→ What you need to do
If a line below contains the string "register", return that line.

▬▬▬

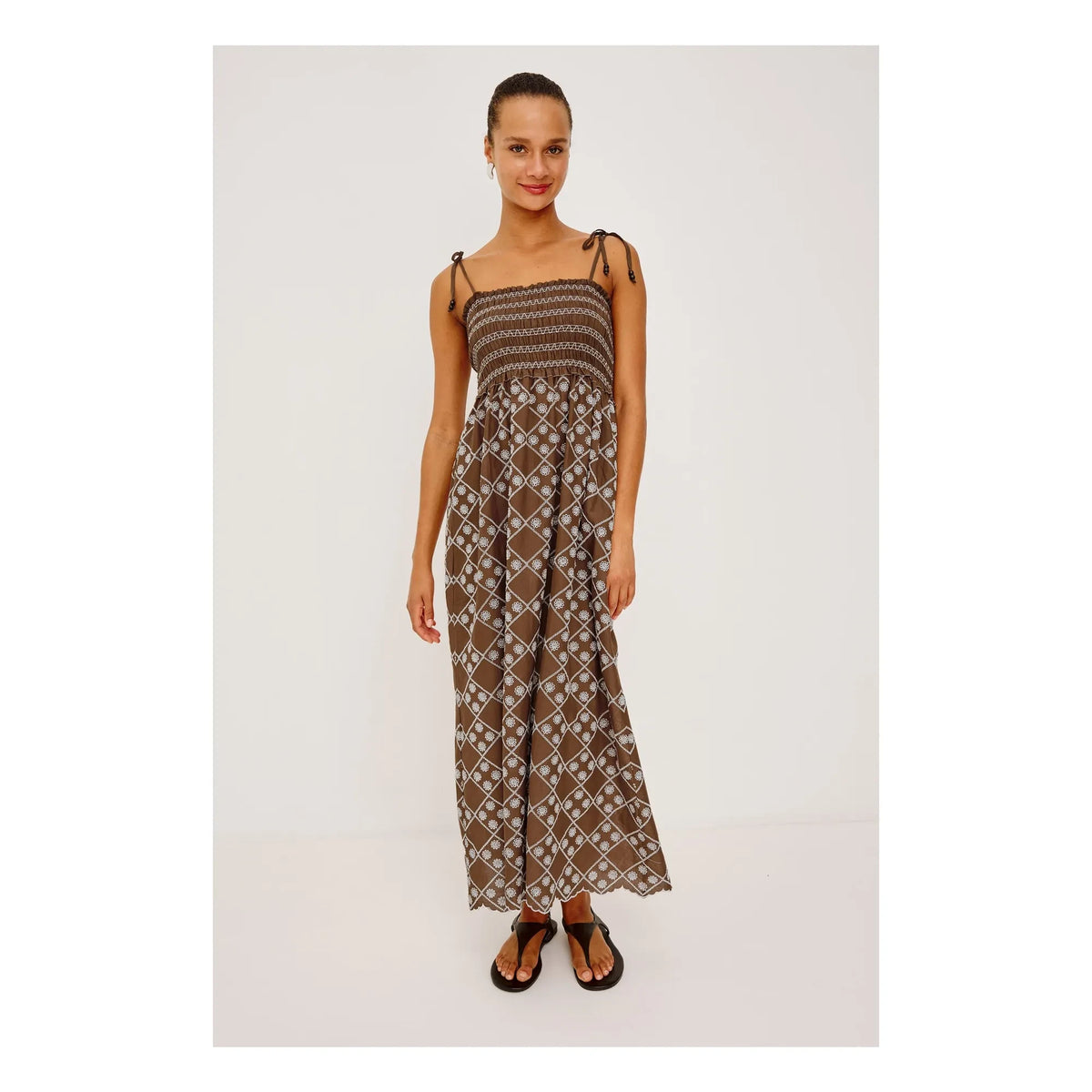Rails - Becca Cotton Embroidered Dress | Chocolate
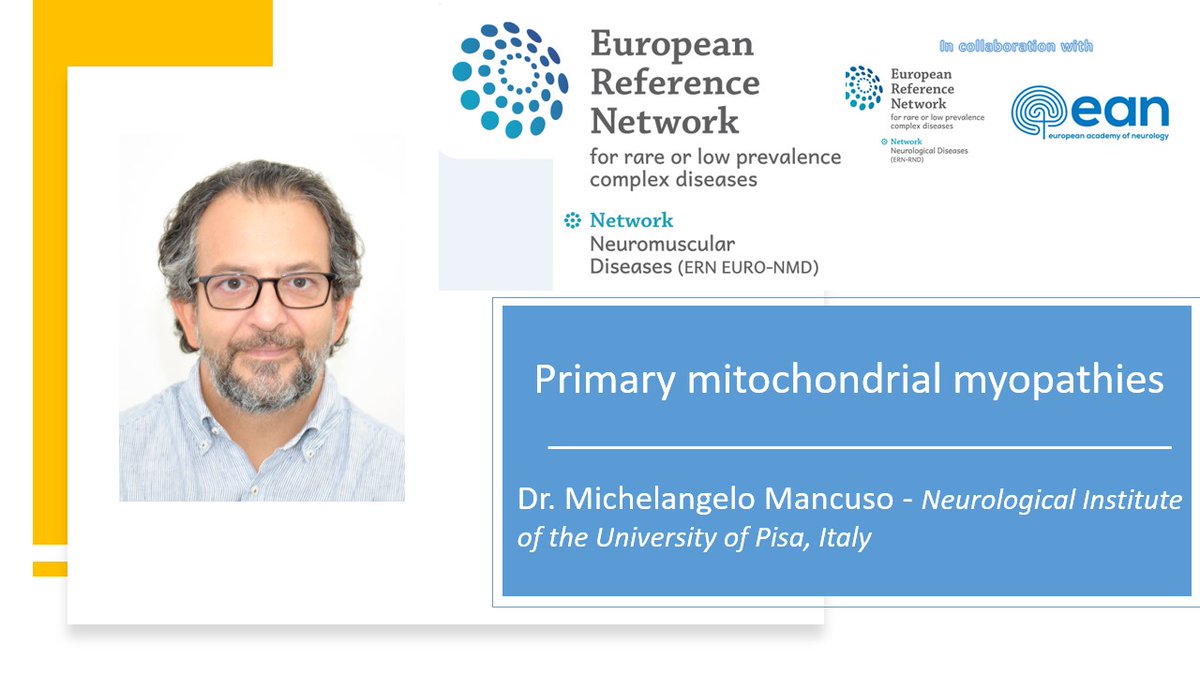 ern euro_nmd (@euro_nmd) on Twitter photo 📢Next webinar #euronmd in partnership w/ <a href="/ERN_RND/">@ERN_RND 🧠</a> & <a href="/EANeurology/">European Academy of Neurology</a>
📅Thursday 17 March 2022, 16:00 Paris time
💻Primary mitochondrial myopathies
🗣️Delivered by Prof. Michelangelo Mancuso
Read more and register 👉bit.ly/3q2kBH0 📢Next webinar #euronmd in partnership w/ <a href="/ERN_RND/">@ERN_RND 🧠</a> & <a href="/EANeurology/">European Academy of Neurology</a>
📅Thursday 17 March 2022, 16:00 Paris time
💻Primary mitochondrial myopathies
🗣️Delivered by Prof. Michelangelo Mancuso
Read more and register 👉bit.ly/3q2kBH0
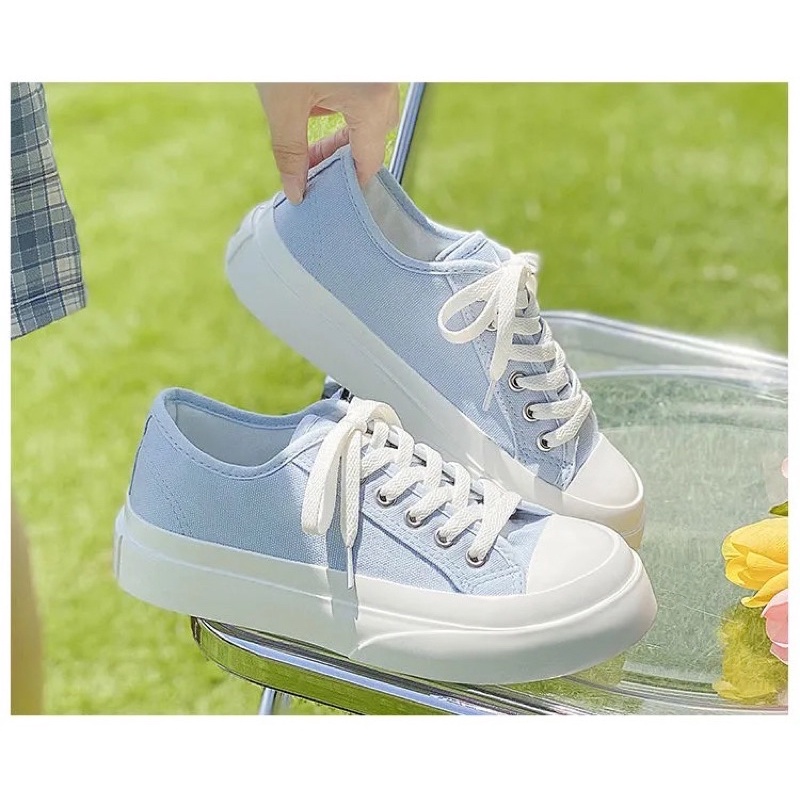 Giày Thể Thao Nam Nữ Màu Xanh Pastel Hồng Trắng Đen Sneaker Vải Thể Thao Buộc Dây Đế Bằng Bánh Mì Basic Loại 1 Đủ Size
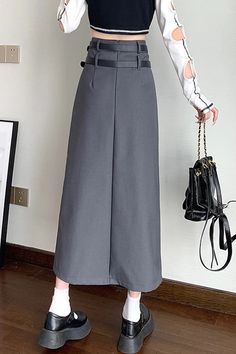 High Waist Double Belted Long Skirts – Tomscloth Casual Gray Long Skirt, Casual Long Gray Skirt, Gray Long Skirt For Workwear, Gray Long Skirt For Work, Office Long Skirt With Pockets, Long Skirts, Jean Skirt, Trending Now, Tank Dress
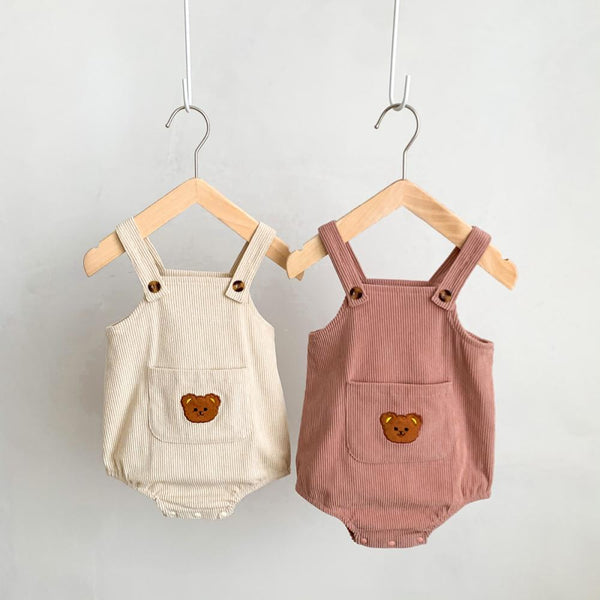 Unisex Baby Corduroy Bear Overalls Wholesale Baby Clothes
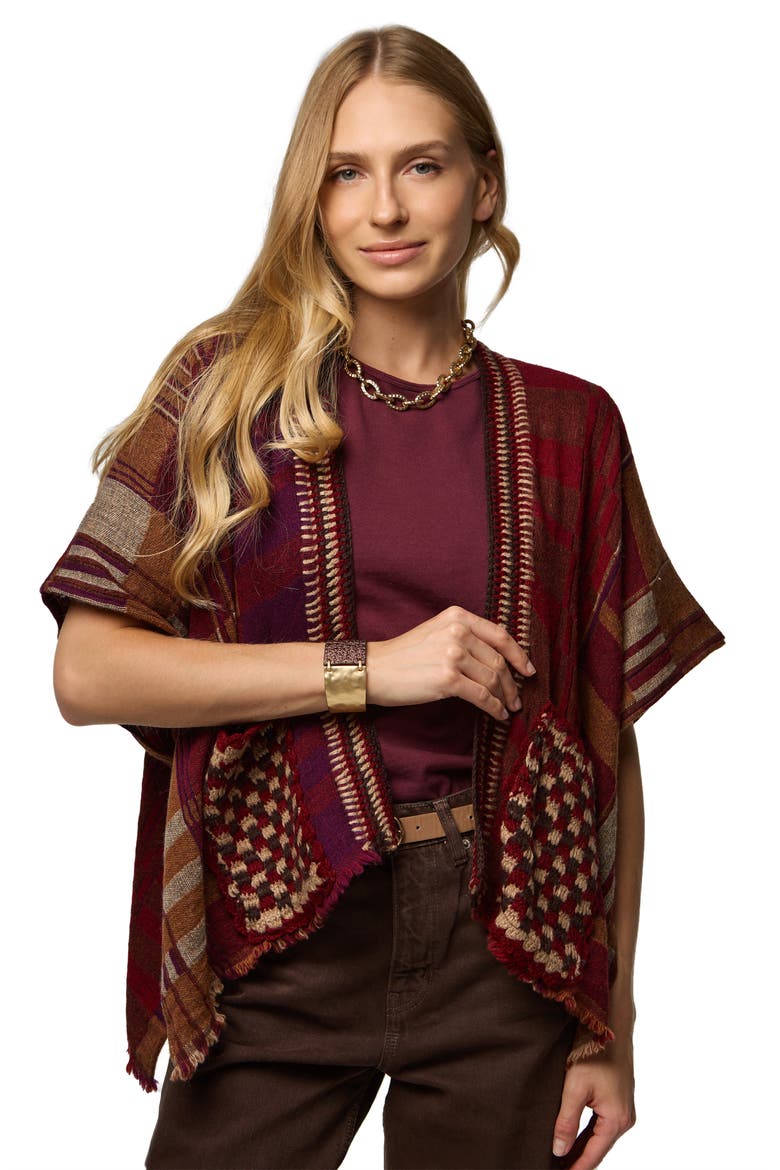 Plaid Topper, Alternate, color, BEIGE/BURGUNDY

▬▬▬

→ Finished task
Read more and register 👉bit.ly/3q2kBH0 📢Next webinar #euronmd in partnership w/ <a href="/ERN_RND/">@ERN_RND 🧠</a> & <a href="/EANeurology/">European Academy of Neurology</a>
Read more and register 👉bit.ly/3q2kBH0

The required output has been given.